Old-school manners and etiquette seem like a thing of the past these days, so it can be tricky to know what to do in certain situations. Hostess gifts used to be very common, but it can be awkward figuring out what to give and when to give. Here are some simple, affordable ideas that even the most hip hostess will appreciate:
Know when to give a gift
Not every gathering requires a hostess gift. Formal dinner parties that are large and where you’re unfamiliar with the host would be a time when you don’t need to bring a gift. If you aren’t sure, ask someone you know who is going, and find out what they’re doing. On the other end of the spectrum, if you’re really close friends and hang out all the time, you don’t need to bring a gift if it’s a casual thing. If you’re staying with someone for a few days, definitely bring a gift. You should also bring gifts for celebrations like birthdays and anniversaries, and for housewarming parties.
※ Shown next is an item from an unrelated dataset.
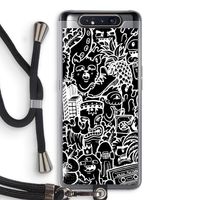 Vexx Black Mixtape: Samsung Galaxy A80 Transparant Hoesje met koord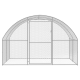 Ein großes, gewölbtes Metallgehege für Haustiere mit einem Netzdesign und einer einzelnen Tür, ideal für die Sicherheit von Haustieren im Freien.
Get something the hostess can actually use or consume
I’m not a fan of random clutter, so I always tend to pick something I know the hostess can use. Think stuff like cute soaps or a unique candle. While wine glass ornaments can be pretty, they just take up space, and don’t really serve a purpose. When in doubt, food is always good, because it’s eaten and then it’s gone. Nice chocolates are great for people you don’t know really well. Remember though, when you give food, the hostess might feel obligated to serve it at the party right then, so say something like, “This is for after one of those hard days at work!” or another subtle hint that you don’t expect them to serve it.
Decide price based on significance of event
If you’re going over a new friend’s house for a movie night, choose something on the cheap side, like a good-quality ice cream. If you’re all young, this might count as both your “I’ll bring dessert!” contribution and hostess gift, because money times are tough, but if you want to be sure the hostess knows this is just for her and not to share, let her know. If you’re going to a first-house housewarming party, you probably want to spring for something a bit pricier, like a set of glasses or another gift that represents this new chapter in her life.
Give gifts based on personality
Assuming you know the hostess pretty well, give gifts you know fit with their personality. If they love to cook, get a fancy salt or seasoning blend. If you know they love coffee, pick a delicious bag of roasted beans. Unless you’re really close with the hostess, don’t try to be funny with your gift, i.e. giving them a kitchen clock while saying, “Because you’re always running late!” It might be confusing, super awkward, or even accidentally insulting.
Don’t limit gifts to “hostesses” alone; give to a host, too
We’ve been using the female-gendered “hostess,” but if you’re going over a guy’s house where there is no hostess, he counts as a “host,” and should get a gift. Guys tend to be a bit easier when it comes to gifts, so it’s hard to go wrong with offerings like food and alcohol.